▶ Prompt
Looking at the listing below, retype exactly the lines starting at the one containing "Item preview, lombok" and ending at the one containing "9476 Highland Bend Ct, Brentwood, TN 37027", both included, and nothing else.

▶ Recorded data
BEGIN
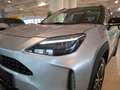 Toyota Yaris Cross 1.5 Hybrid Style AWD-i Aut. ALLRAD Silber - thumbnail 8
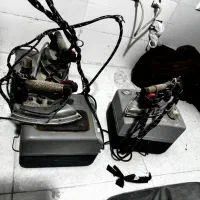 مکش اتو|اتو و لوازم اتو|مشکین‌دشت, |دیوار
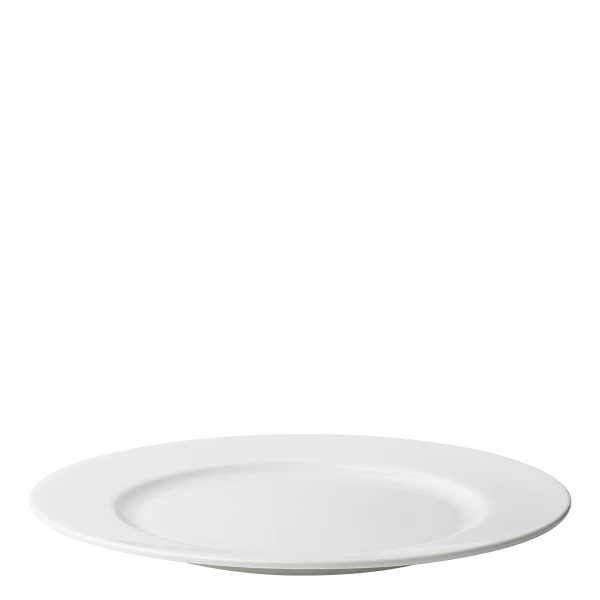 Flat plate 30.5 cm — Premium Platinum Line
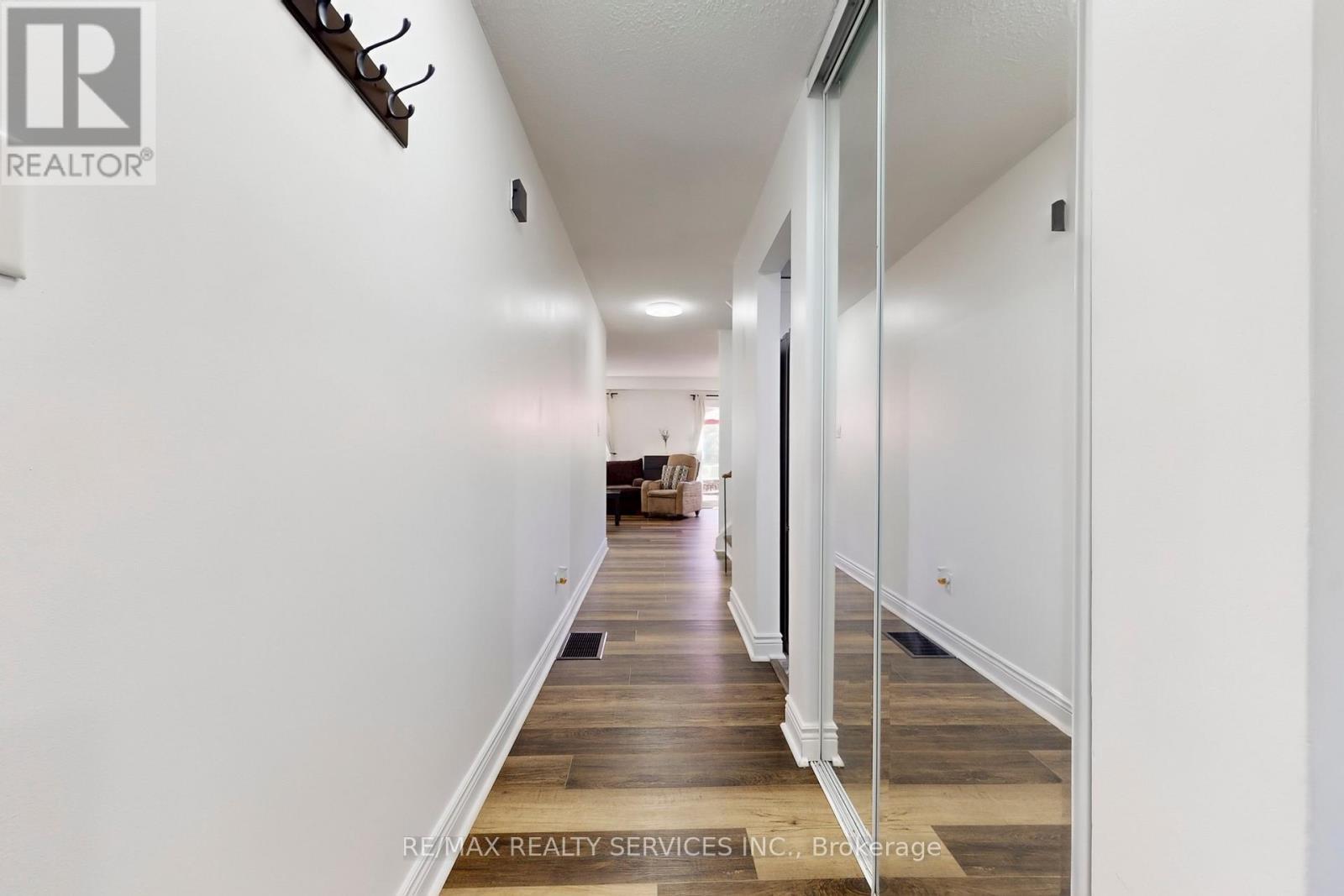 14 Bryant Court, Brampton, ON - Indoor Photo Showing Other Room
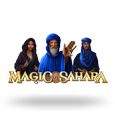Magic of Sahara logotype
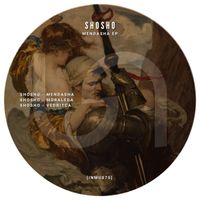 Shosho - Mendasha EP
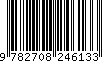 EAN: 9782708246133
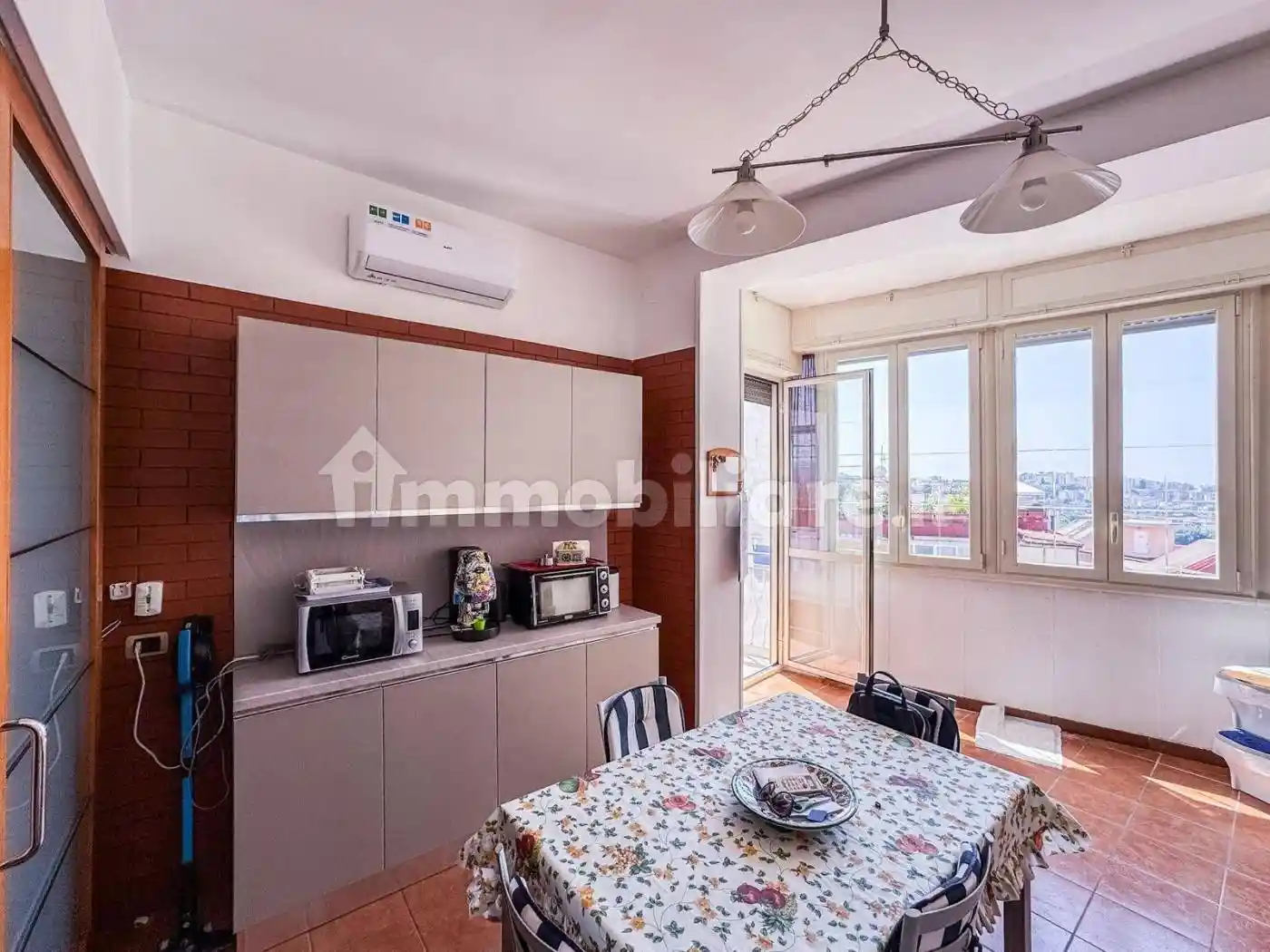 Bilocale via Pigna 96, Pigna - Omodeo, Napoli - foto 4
END
BEGIN
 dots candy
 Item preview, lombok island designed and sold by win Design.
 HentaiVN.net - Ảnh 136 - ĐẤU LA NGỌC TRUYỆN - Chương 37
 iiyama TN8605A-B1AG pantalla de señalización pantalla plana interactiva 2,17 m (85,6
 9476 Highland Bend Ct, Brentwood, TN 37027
END
▶ Answer below
 Item preview, lombok island designed and sold by win Design.
 HentaiVN.net - Ảnh 136 - ĐẤU LA NGỌC TRUYỆN - Chương 37
 iiyama TN8605A-B1AG pantalla de señalización pantalla plana interactiva 2,17 m (85,6
 9476 Highland Bend Ct, Brentwood, TN 37027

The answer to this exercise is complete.